Most of the current statistical software packages are geared to processing data on a case by case basis. The NCVS longitudinal file is structured in a nested hierarchical manner. When trying to examine events over a selected time period, it becomes difficult to rearrange the data in a way that will facilitate understanding the time or longitudinal aspects of the data. For example, the concept of what constitutes a "case record" depends on the perspective of the current question. Is a case all households that remain in sample over all seven interviews,
or is it those households that are replaced at every interview period? Moving the appropriate incident data from the lower levels of the nested file to the upper level of the household can complicate obtaining a "true" count of the number of households experiencing a victimization event, since many statistical software packages duplicate information at the upper level of the file structure down to the lower level.
5 Future Issues
Local law enforcement agencies will be participating on a voluntary basis. NIBRS data collection and aggregation at the agency-level will be far more labor and resource-intensive than the current UCR system. What are the implications for coverage and data accuracy?

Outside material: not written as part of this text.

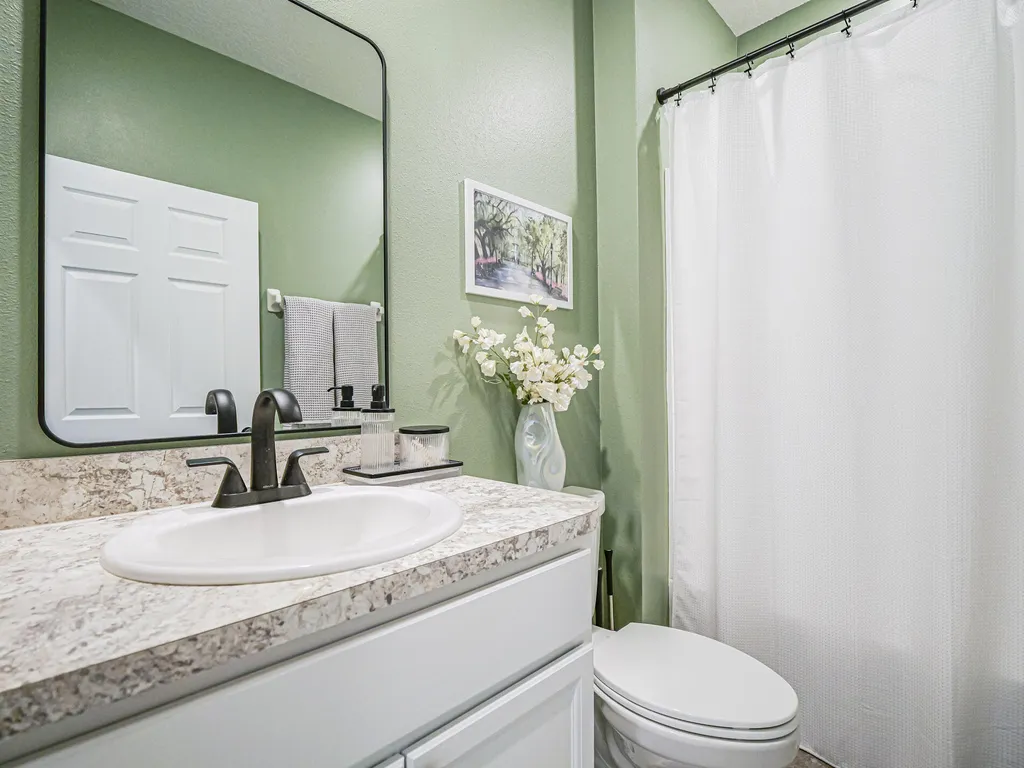 4139 Keeson Circle Vero Beach FL 32967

Criminal justice data have a short shelf life, because detection of current trends is important for planning and interdiction effectiveness. Can new methods be found to process massive data files and produce information in a time frame that is useful to the criminal justice community? Numerous offenses such as sports tampering are not of great national interest. A subset of the full NIBRS file based on scientific sampling procedures could facilitate many types of analyses.
How easy is it to integrate change into such a data system, as evaluations of NIBRS identify new information needs that it will be required to address? Does the sheer volume of data and reporting agencies make this need any more difficult than for smaller on-going data collections? As data storage technology continues to evolve, it is important to weigh both cost and future compatibility needs, particularly in regards to distributing the data to law enforcement agencies and the public. BJS will continue to monitor these technological changes so that we will be able to utilize such advances in order to enhance our analytic capabilities with these large scale datasets.